══ Given material
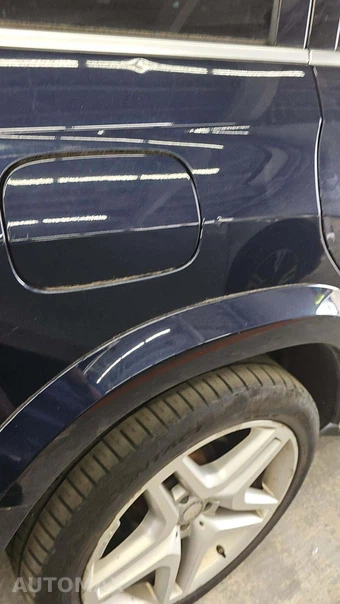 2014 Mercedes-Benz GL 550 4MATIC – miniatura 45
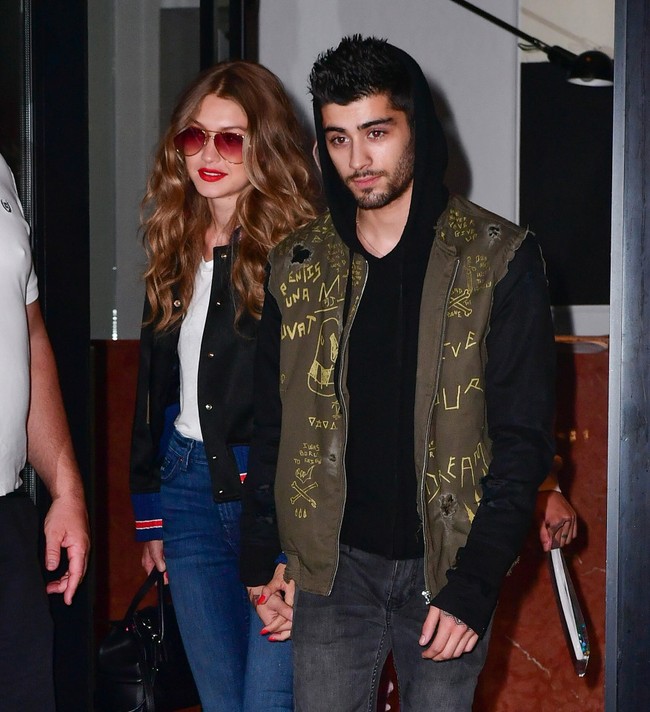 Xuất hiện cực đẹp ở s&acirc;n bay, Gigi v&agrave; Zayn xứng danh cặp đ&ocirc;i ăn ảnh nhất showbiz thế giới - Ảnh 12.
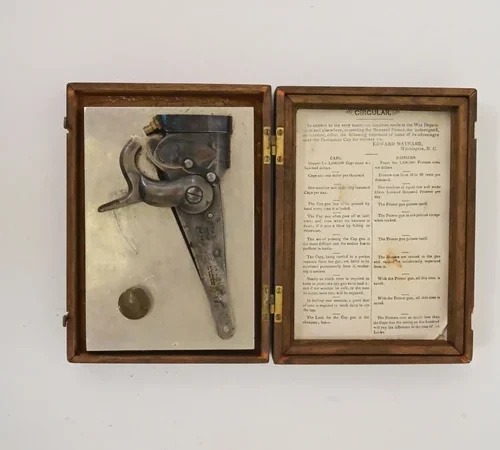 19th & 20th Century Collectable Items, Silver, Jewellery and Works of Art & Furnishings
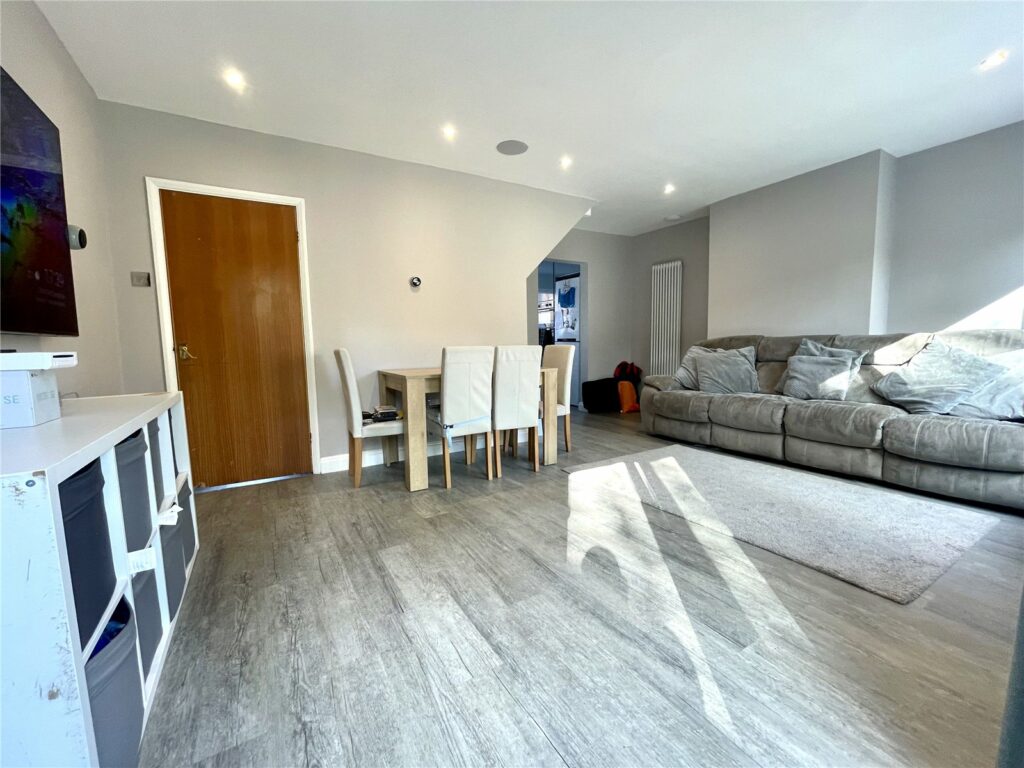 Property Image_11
════
Action item: Please give the data again in full, exactly as written, but without any images.

Task solution:
 2014 Mercedes-Benz GL 550 4MATIC – miniatura 45
 Xuất hiện cực đẹp ở s&acirc;n bay, Gigi v&agrave; Zayn xứng danh cặp đ&ocirc;i ăn ảnh nhất showbiz thế giới - Ảnh 12.
 19th & 20th Century Collectable Items, Silver, Jewellery and Works of Art & Furnishings
 Property Image_11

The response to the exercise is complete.